**The data:**

>>>

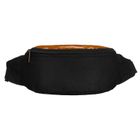 Saszetka na biodro, nerka, czarno-brązowa, Loren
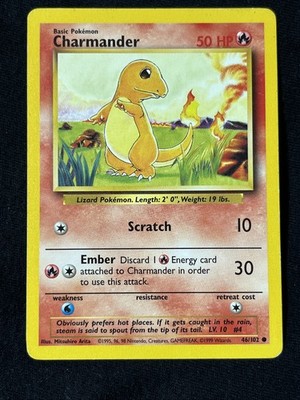 Charmander 046/102 Base Set Regular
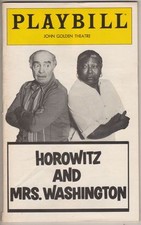 Esther Rolle & Sam Levene  "Horowitz and Mrs. Washington "  Playbill  1980  FLOP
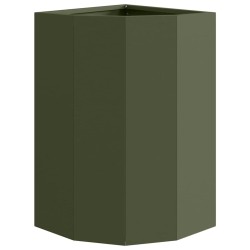 Jardinière d'Angle Vert olive 30 x 30 x 50 cm Acier 538793538793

<<<

**What you should do:** Please restate word for word each line from the one containing "Esther Rolle &" to the end of the data above, without the pictures.

**Task response:**
 Esther Rolle & Sam Levene  "Horowitz and Mrs. Washington "  Playbill  1980  FLOP
 Jardinière d'Angle Vert olive 30 x 30 x 50 cm Acier 538793538793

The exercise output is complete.